Ex-National Security Adviser Michael Flynn

Ex-National Security Adviser Michael Flynn | Carolyn Kaster/AP

Michael T. Flynn, a real cowboy, rode off into the sunset Monday, but this movie is just beginning.

Not for a minute did Flynn’s resignation as national security adviser end the urgent need for Congress, the Justice Department, the FBI and anybody else who wasn’t born yesterday to dig into the Trump administration’s dealings with Russia — before and after Donald Trump was elected president. Flynn is gone, but who else might pose a national security risk?


Republicans in Washington would have you believe the movie is over and the credits have rolled. This was a story, they say, about how Flynn lied to Vice President Mike Pence and nothing more, and now Flynn is gone, so let’s turn up the lights and all go home. But that is a calculated deflection by a party putting politics before country.
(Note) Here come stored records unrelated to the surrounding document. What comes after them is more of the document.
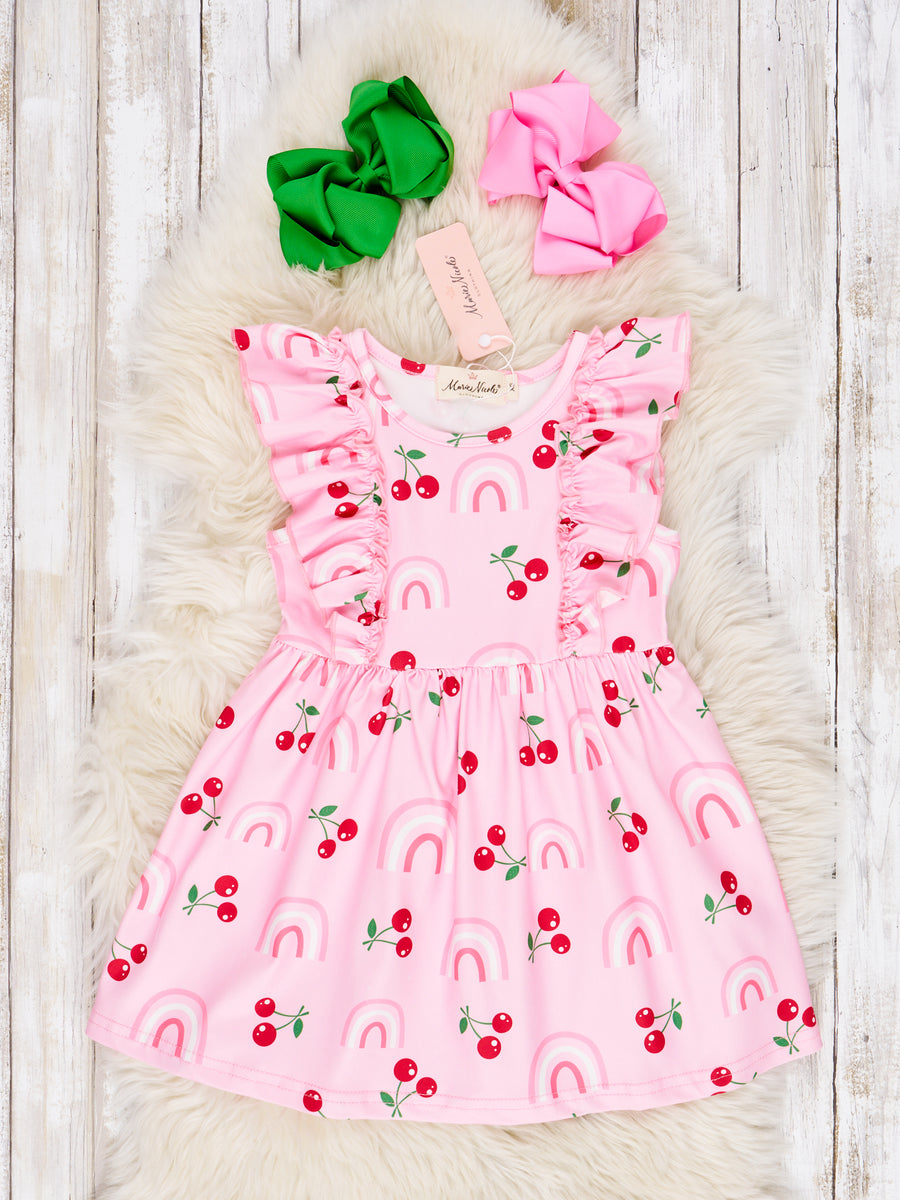 Rainbow Cherry Ruffle Dress Marie Nicole Clothing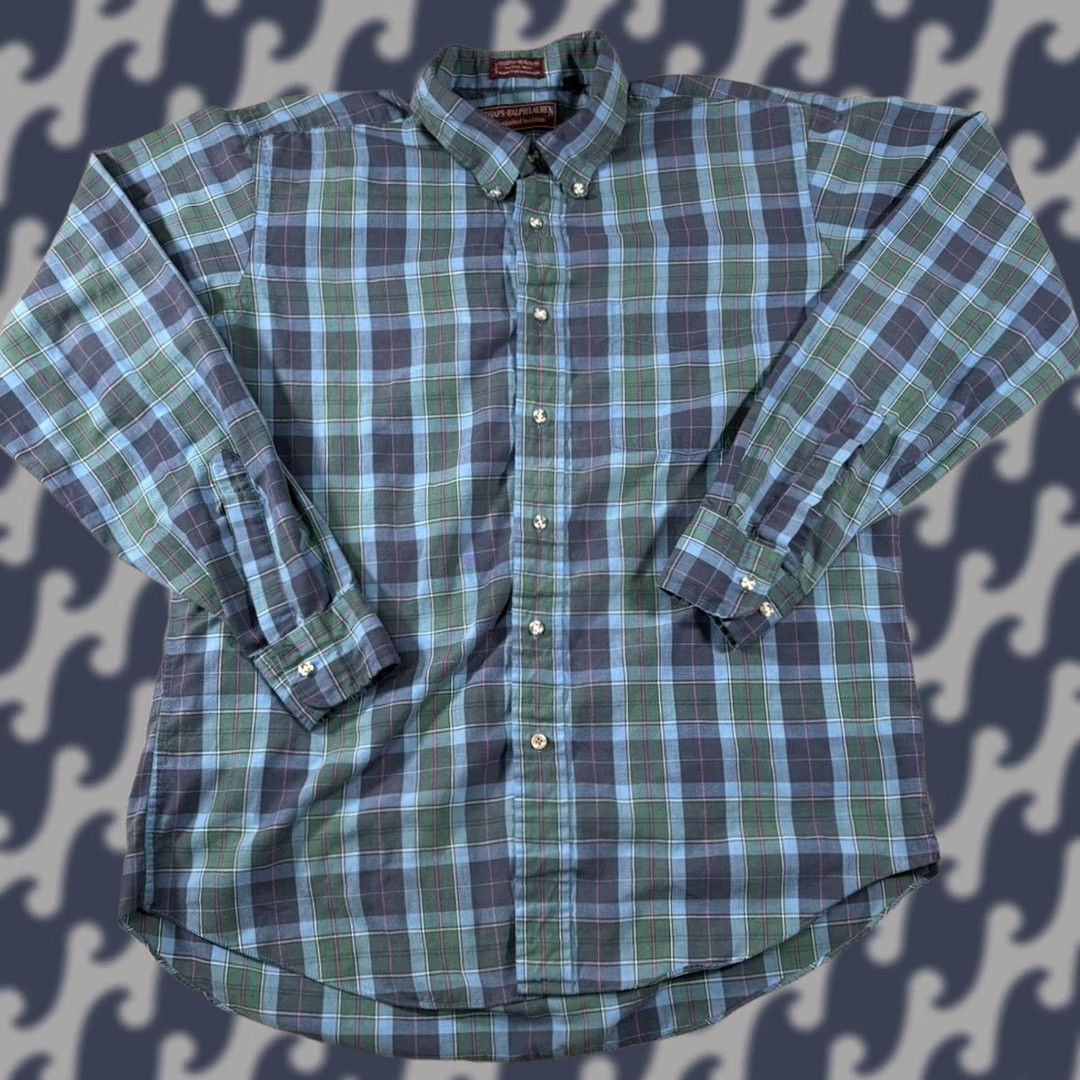 Chaps VINTAGE Chaps Ralph Lauren Button-Up Shirt Plaid Long Sleeve Men’s Large Green & Blue Shirt Size US L / EU 52-54 / 3 - 1 Thumbnail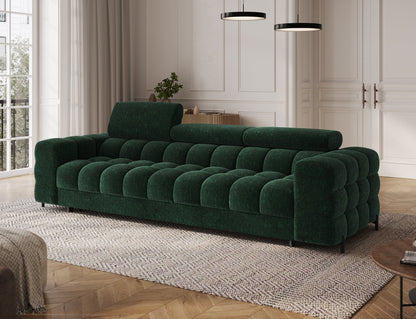 Festello 3 Seater Sleeper Sofa - Emerald Green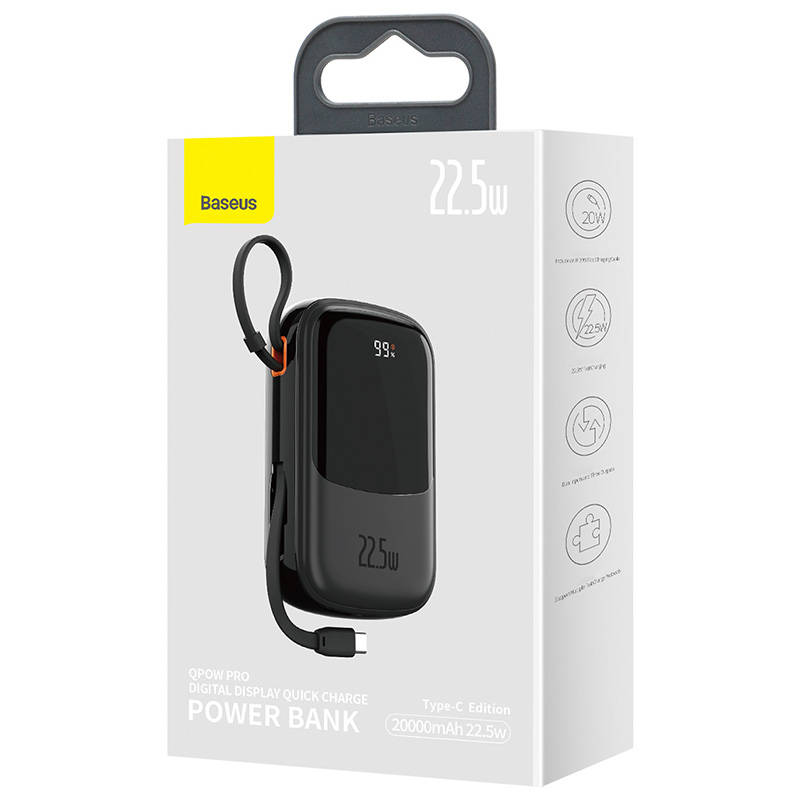 Powerbank Baseus Qpow PRO s kabelom, 20000mAh, 22,5W (crna)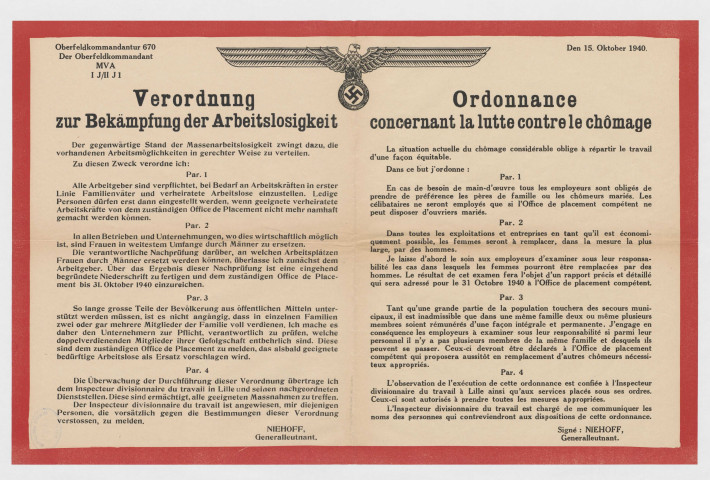 Ordonnance du Général-lieutenant concernant la lutte contre le chômage.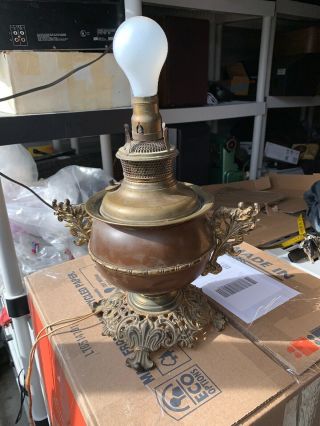 Antique B & H Bradley & Hubbard Brass Banquet Oil Lamp Base 8324 Dragon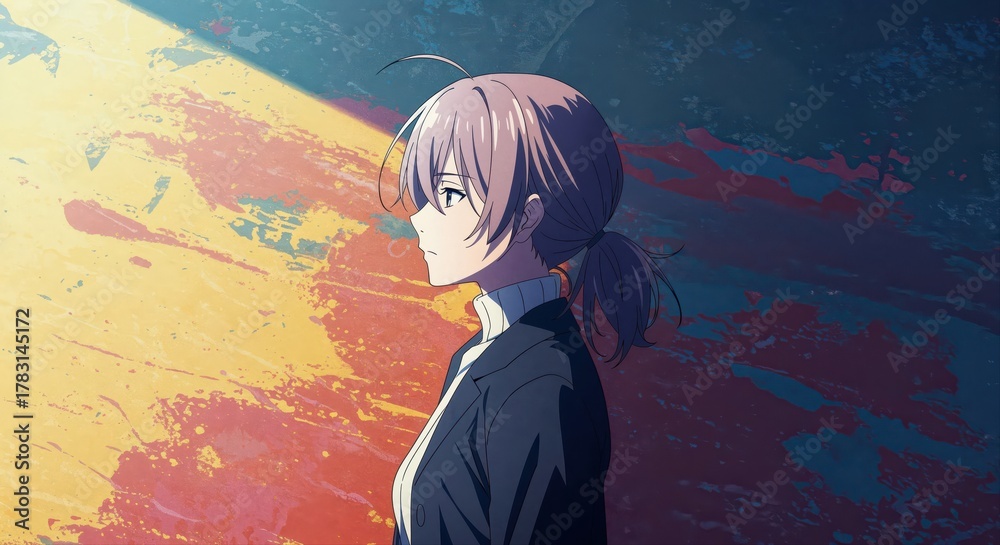 Obraz premium Profile of contemplation: A young woman's portrait, bathed in light and introspection. She looks off towards a horizon, reflecting a sense of peace and deep thought, against an artistic backdrop.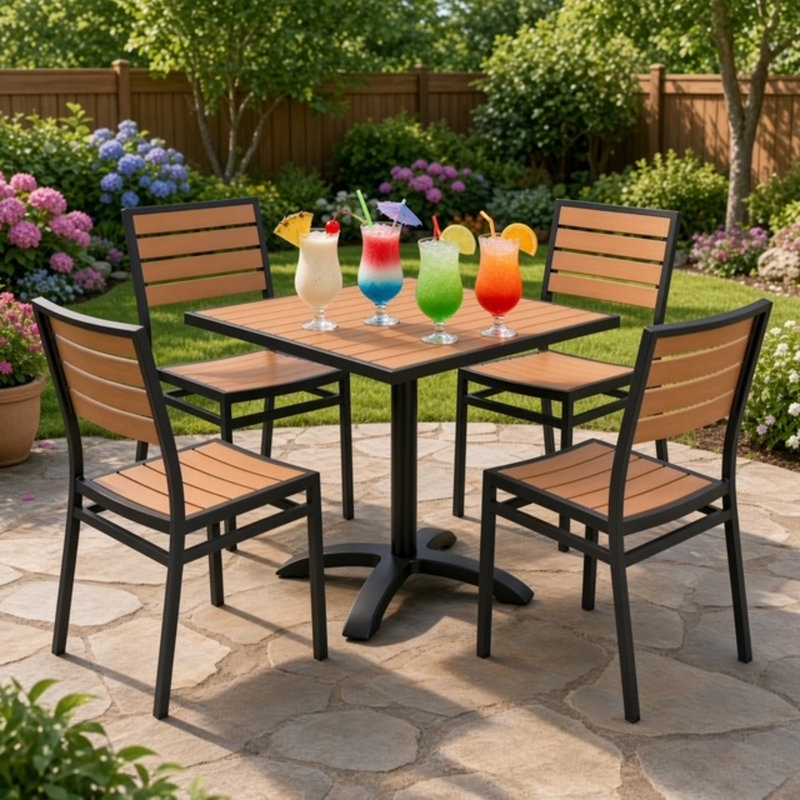 Table et piètement en teck H&D Patio 24" x 30"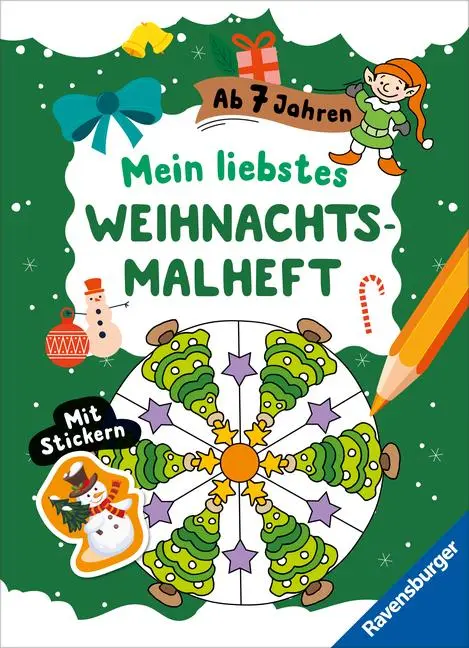 Cover: 9783473489008 | Mein liebstes Weihnachtsmalheft mit Stickern ab 7 | Roger De Klerk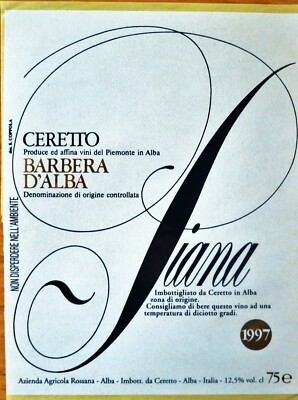 ETIQUETTES VINS PIANA BARBERA D ALBA Ceretto   ITALIE A A B Asili Caretto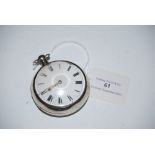 LONDON SILVER PAIR CASED POCKET WATCH WITH WHITE ROMAN NUMERAL DIAL, THE MOVEMENT SIGNED THO.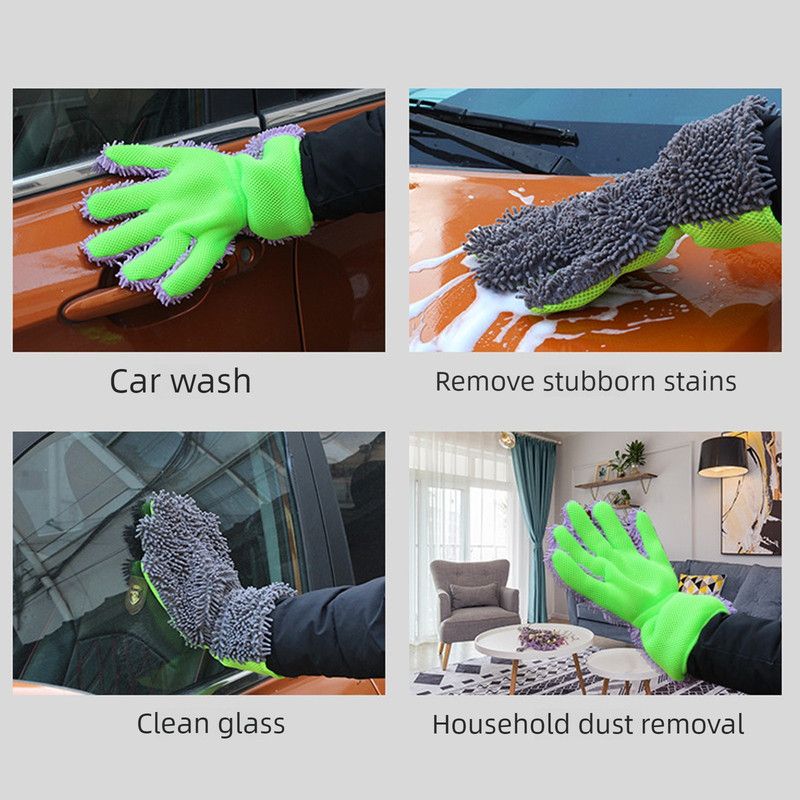 Double-Sided Chenille Car Wash Gloves, Paint-Safe Coral Fleece Car Cleaning Gloves, Five-Finger Design, Absorbs Water and Removes Dirt Easily, Car Cleaning Tools, Home and Car Cleaning Tools - Gray - Image 2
Flynn misled Pence and other top White House officials about his conversations with the Russian ambassador to the United States prior to Trump’s inaugural. And Trump, it was revealed Tuesday, has known this for weeks. Flynn may have broken the law by discussing American sanctions with Russia in a phone call, and he certainly breached protocol.

But the more pressing question, still to be answered, is whether others in Trump’s inner circle were privy to these conversations, involved in such conversations themselves, or ordered them. Ultimately, the question becomes what Trump knew and did himself.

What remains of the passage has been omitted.